# Wool Type



## she-earl (Aug 27, 2010)

I was looking at the different types of wool on my sheep.  The wool on my one ram has a "pyle" look to it.  When I parted the wool and looked at it, it looks a little bit like a "string" of carpet you would have pulled loose.  This string would be kinky like from being in the carpet.  His wool has that look to it and also has a look of being encased in some wool.  Sorry I can't describe it any better but hopeful someone with more experience than I knows what I am trying to describe.  Will this type of wool be more or less valuable than normal?  I also had a ewe that had an angora look to her when she was born.  It wasn't the small little normal wool look to it.  What is the value of her wool when she gets shorn?  Thanks for your input.


----------



## aggieterpkatie (Aug 27, 2010)

What kind of sheep are they?


----------



## goodhors (Aug 27, 2010)

I was taught that the wrinkles in the strands of wool are called "crimp".  If I remember right, the more crimp on strands, the better.  Crimps allow more stretch as you use the wool, then it pullse itself back into shape better.  Clothing made with crimpy wool does not get as baggy or stretched out, and after washing especially, will return to original sizing.

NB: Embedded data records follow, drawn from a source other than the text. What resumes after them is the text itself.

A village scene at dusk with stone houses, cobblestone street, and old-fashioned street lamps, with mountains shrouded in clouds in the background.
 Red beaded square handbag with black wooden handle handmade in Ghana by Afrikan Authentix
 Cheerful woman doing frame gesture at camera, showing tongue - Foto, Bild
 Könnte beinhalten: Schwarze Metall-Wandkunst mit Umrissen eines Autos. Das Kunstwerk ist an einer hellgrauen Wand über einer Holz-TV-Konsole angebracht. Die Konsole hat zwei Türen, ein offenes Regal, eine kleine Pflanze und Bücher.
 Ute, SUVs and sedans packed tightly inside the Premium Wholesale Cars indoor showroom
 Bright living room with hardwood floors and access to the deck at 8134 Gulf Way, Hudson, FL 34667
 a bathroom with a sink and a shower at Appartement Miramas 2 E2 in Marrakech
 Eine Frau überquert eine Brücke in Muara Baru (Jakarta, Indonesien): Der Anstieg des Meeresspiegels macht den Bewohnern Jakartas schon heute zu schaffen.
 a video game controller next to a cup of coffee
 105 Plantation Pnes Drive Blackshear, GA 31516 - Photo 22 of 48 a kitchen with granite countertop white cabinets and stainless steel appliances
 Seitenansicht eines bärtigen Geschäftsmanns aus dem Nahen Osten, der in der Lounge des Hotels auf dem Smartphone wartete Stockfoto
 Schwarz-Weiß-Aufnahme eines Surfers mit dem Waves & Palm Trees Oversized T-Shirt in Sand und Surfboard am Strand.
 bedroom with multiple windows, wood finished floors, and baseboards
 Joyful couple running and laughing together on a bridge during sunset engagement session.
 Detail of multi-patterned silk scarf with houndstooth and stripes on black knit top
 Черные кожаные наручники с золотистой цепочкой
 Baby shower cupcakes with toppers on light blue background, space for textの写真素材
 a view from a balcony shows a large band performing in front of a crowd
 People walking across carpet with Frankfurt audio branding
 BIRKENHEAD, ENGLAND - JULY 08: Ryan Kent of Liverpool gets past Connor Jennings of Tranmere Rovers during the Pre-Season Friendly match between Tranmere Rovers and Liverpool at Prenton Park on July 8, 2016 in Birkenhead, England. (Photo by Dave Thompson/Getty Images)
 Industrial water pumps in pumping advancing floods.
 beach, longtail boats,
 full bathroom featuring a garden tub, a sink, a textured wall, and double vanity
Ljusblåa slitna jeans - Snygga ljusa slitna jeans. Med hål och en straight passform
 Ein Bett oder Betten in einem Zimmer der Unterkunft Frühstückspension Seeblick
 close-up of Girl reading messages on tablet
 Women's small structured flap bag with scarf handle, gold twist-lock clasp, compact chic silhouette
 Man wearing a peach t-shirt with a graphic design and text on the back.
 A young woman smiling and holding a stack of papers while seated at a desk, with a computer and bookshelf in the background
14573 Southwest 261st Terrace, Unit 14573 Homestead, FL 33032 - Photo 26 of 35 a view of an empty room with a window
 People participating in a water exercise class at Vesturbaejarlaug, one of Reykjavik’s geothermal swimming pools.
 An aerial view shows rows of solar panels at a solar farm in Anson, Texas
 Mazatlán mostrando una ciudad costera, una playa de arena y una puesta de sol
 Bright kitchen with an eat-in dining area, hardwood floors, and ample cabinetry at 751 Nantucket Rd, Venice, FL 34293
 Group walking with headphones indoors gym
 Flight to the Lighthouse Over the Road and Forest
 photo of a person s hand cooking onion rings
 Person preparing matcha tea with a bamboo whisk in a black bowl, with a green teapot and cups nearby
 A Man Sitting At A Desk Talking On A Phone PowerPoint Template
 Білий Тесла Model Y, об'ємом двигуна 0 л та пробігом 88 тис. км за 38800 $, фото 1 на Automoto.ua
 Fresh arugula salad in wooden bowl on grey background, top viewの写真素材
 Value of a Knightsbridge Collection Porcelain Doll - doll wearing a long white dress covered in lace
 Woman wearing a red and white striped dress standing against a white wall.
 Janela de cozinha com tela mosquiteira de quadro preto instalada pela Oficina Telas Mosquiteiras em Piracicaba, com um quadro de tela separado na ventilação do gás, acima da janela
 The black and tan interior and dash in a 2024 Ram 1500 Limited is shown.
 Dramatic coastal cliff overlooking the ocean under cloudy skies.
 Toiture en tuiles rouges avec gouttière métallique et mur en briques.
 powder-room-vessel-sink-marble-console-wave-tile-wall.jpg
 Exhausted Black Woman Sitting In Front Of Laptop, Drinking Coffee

Not sure of wool prices, special sheep might allow you to price their wool higher if wool is very good quality or unique.


----------



## sheep whisperer (Aug 27, 2010)

ecased in some wool? when we shear our 3000-4000 ewes, rams and mature lambs we sell or wool under the grades of sound, tender, fin, extra fine. then you have got peices, bellies, locks etc. sell about 350-400 bales weighing about 200kg. you can tell generally by its colour and how strong it is. if you grab a strand and hold it at both ends and if it falls apart after a bit of tesion and leaves fine strands of wool where you tore it is most likely fine. if ti is tough and takes a bit more then it is most likely tender or sound. well it could be worth more but not most likely. if the rams off spring is creating this bad wool i would cull it and get another one and pay attention to the wool of the next ram. if the wool on the current ram is bad and gets a low price more than likely the offspring will have the same effect. cull or sell the offspring and ram if u get a bad price for the wool


----------



## she-earl (Aug 28, 2010)

They are both crossbreeds.  The one with a good amount of crimp is mostly Dorset.  The ewe has some Finn and who knows what other breeds are in her background.


----------



## sheep whisperer (Aug 28, 2010)

i'm more use to pure merinos, not cross breds


----------